─── RECORDS SHOWN
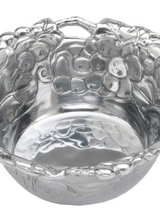 Arthur Court Designs Encase your favorite finger foods in the fruity shell of Arthur Court's Grapevine Nut Bowl. <br />
<br />
Large bundles of grapes and leaves cover the surface of this piece as vines create fingerholds in its flared edge. The heavy lines and dense patterns in this des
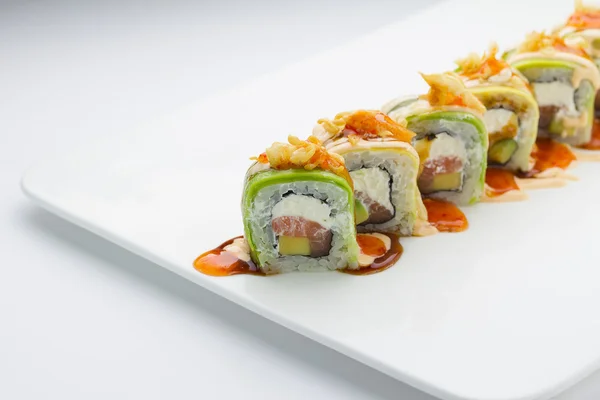 Sushi met zalm avocado en kaas. Crunch Roll. Met heerlijke sauzen. Op een plaat op witte achtergrond. — Stockfoto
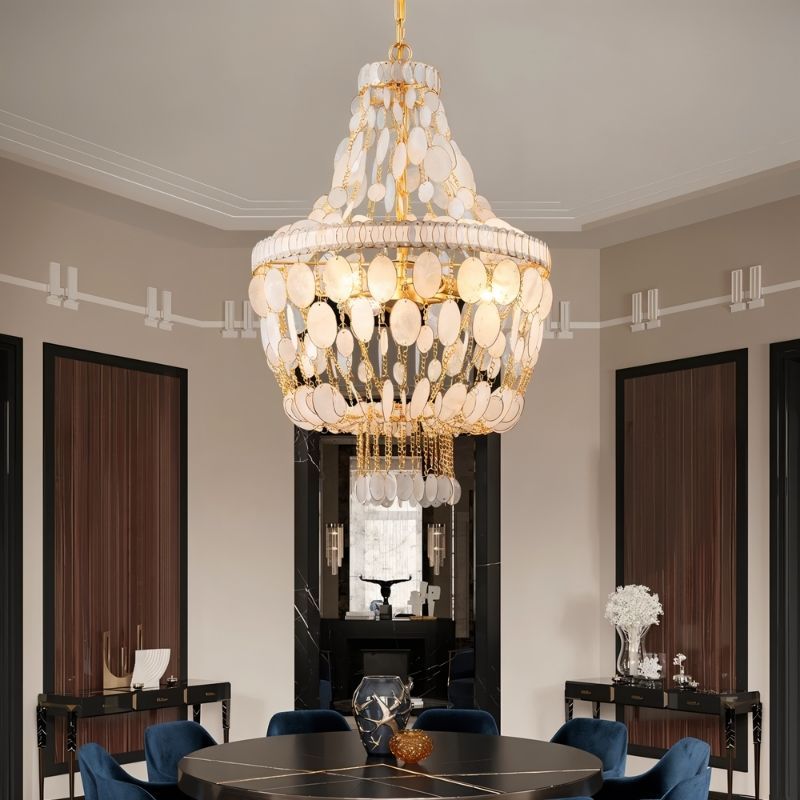 "Tiered chandelier with cascading natural shell elements and gold frame, illuminating a dining room with a round table."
──────
> _WHAT YOU NEED TO DO_
Will you restate every entry word for word and omit the images?

> _YOUR SOLUTION_
 Arthur Court Designs Encase your favorite finger foods in the fruity shell of Arthur Court's Grapevine Nut Bowl. <br />
<br />
Large bundles of grapes and leaves cover the surface of this piece as vines create fingerholds in its flared edge. The heavy lines and dense patterns in this des
 Sushi met zalm avocado en kaas. Crunch Roll. Met heerlijke sauzen. Op een plaat op witte achtergrond. — Stockfoto
 "Tiered chandelier with cascading natural shell elements and gold frame, illuminating a dining room with a round table."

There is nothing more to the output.